## Supplied material
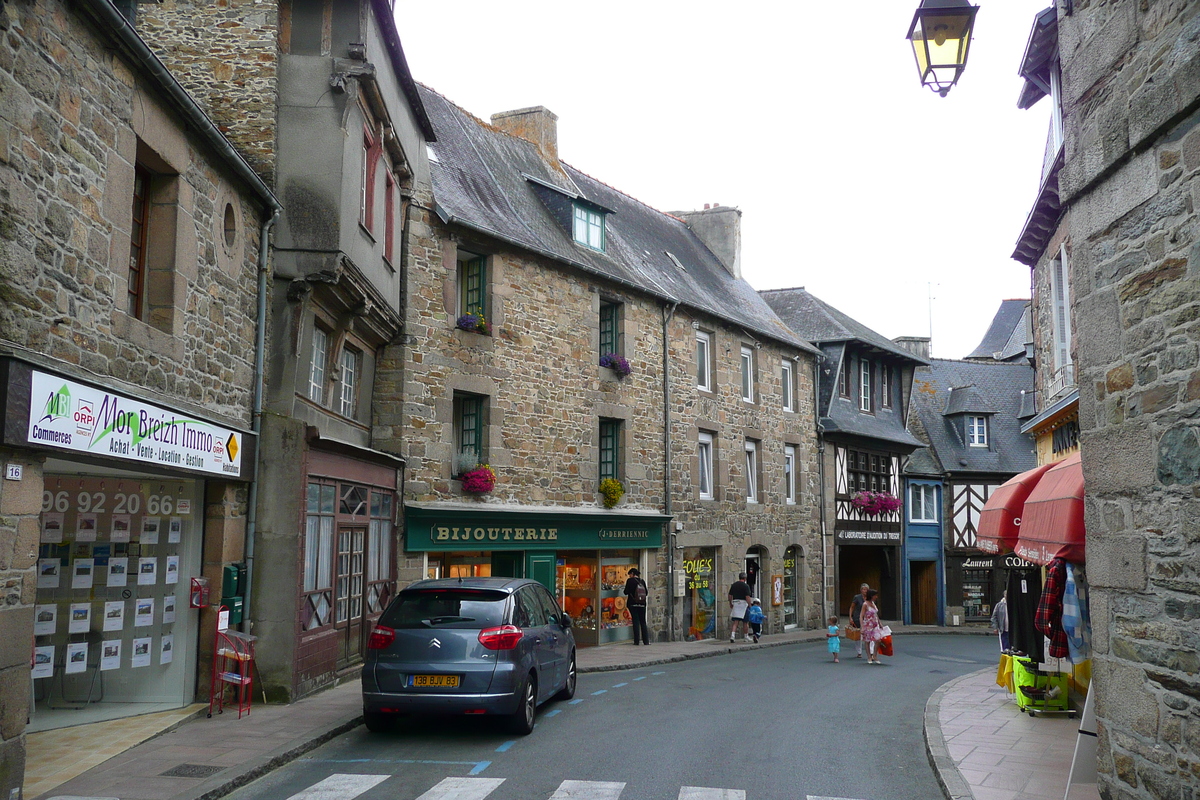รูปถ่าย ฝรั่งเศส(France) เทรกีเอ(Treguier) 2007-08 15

---

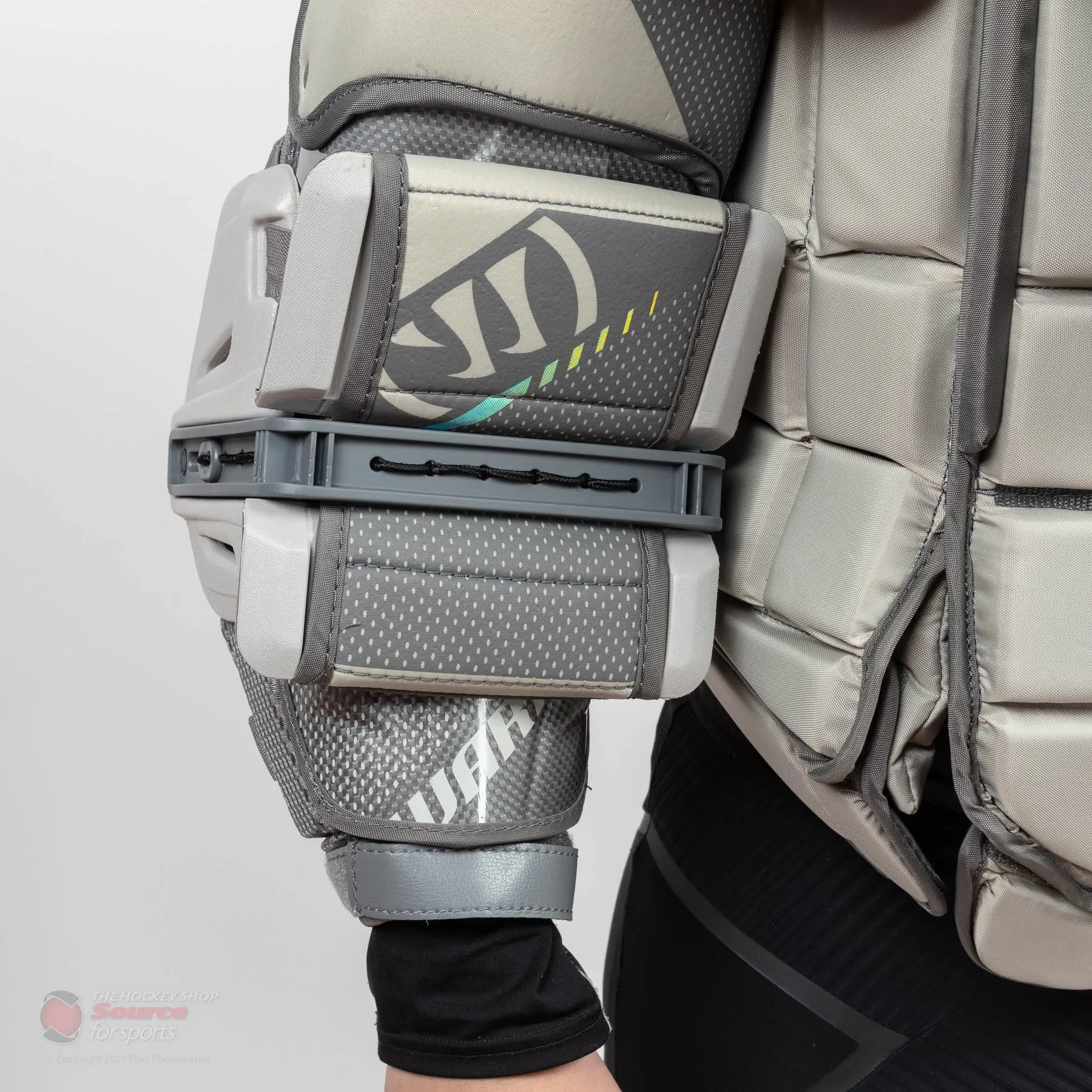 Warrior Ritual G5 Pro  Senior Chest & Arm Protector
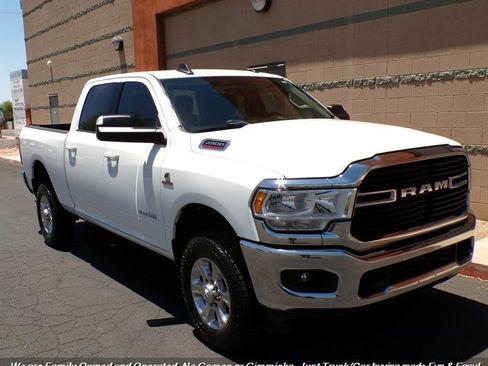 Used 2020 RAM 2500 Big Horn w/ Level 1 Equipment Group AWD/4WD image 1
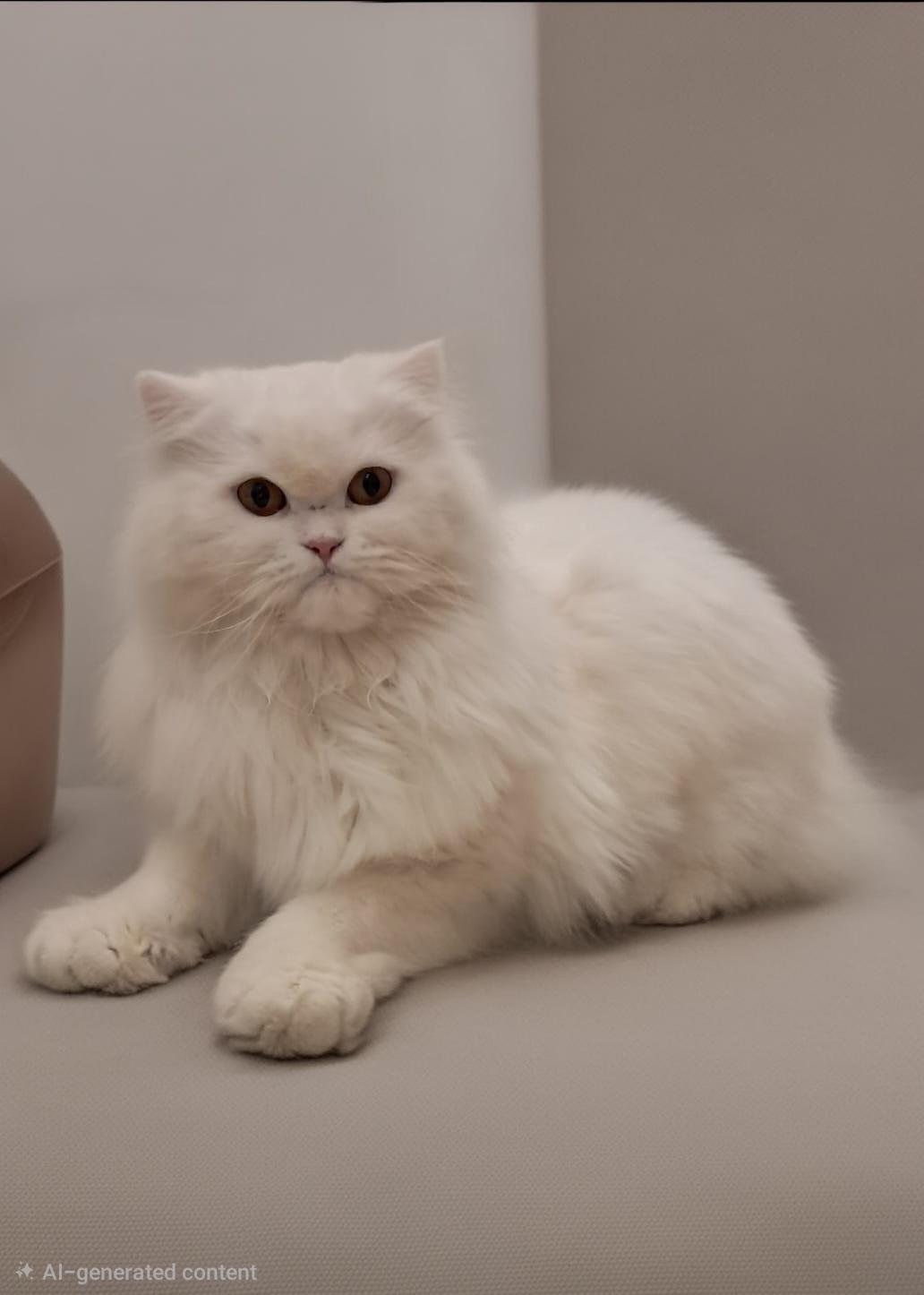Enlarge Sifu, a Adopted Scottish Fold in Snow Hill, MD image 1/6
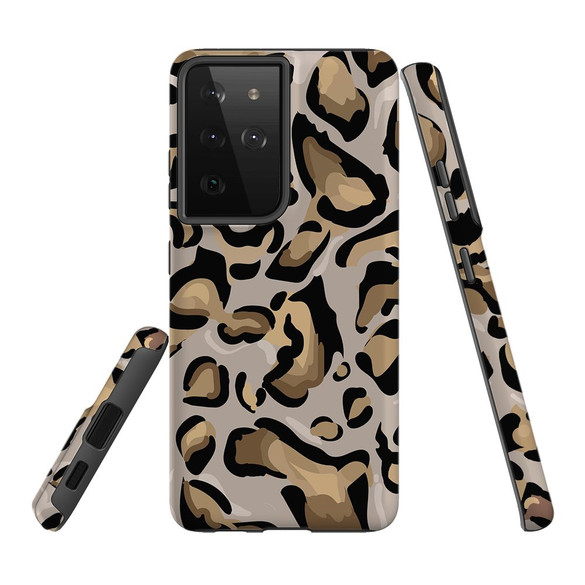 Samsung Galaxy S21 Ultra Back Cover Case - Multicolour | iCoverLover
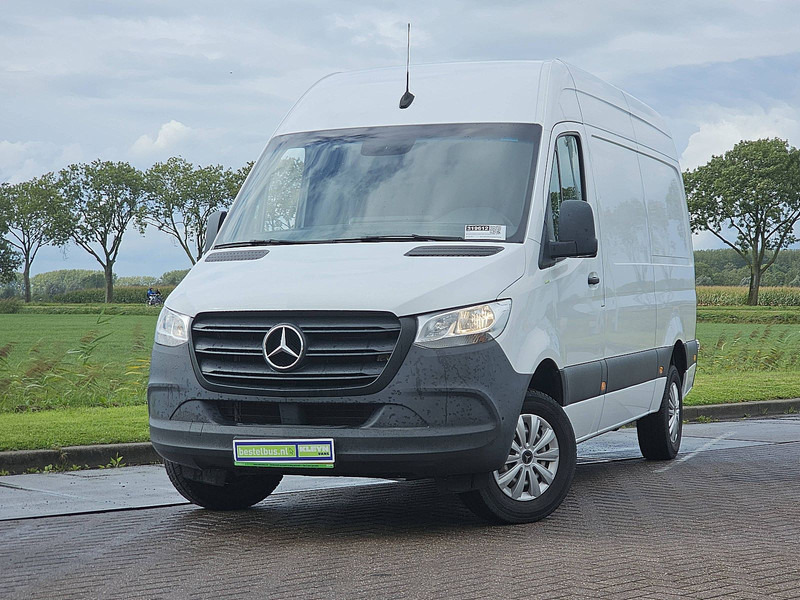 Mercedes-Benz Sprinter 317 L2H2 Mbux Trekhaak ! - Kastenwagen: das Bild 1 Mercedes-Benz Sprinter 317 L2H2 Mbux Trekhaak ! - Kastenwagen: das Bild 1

## The task
Above are some records; extract exactly the lines from the one containing "Samsung Galaxy S21" through the one containing "Bild 1 Mercedes-Benz" and drop the pictures.

## Your response
 Samsung Galaxy S21 Ultra Back Cover Case - Multicolour | iCoverLover
 Mercedes-Benz Sprinter 317 L2H2 Mbux Trekhaak ! - Kastenwagen: das Bild 1 Mercedes-Benz Sprinter 317 L2H2 Mbux Trekhaak ! - Kastenwagen: das Bild 1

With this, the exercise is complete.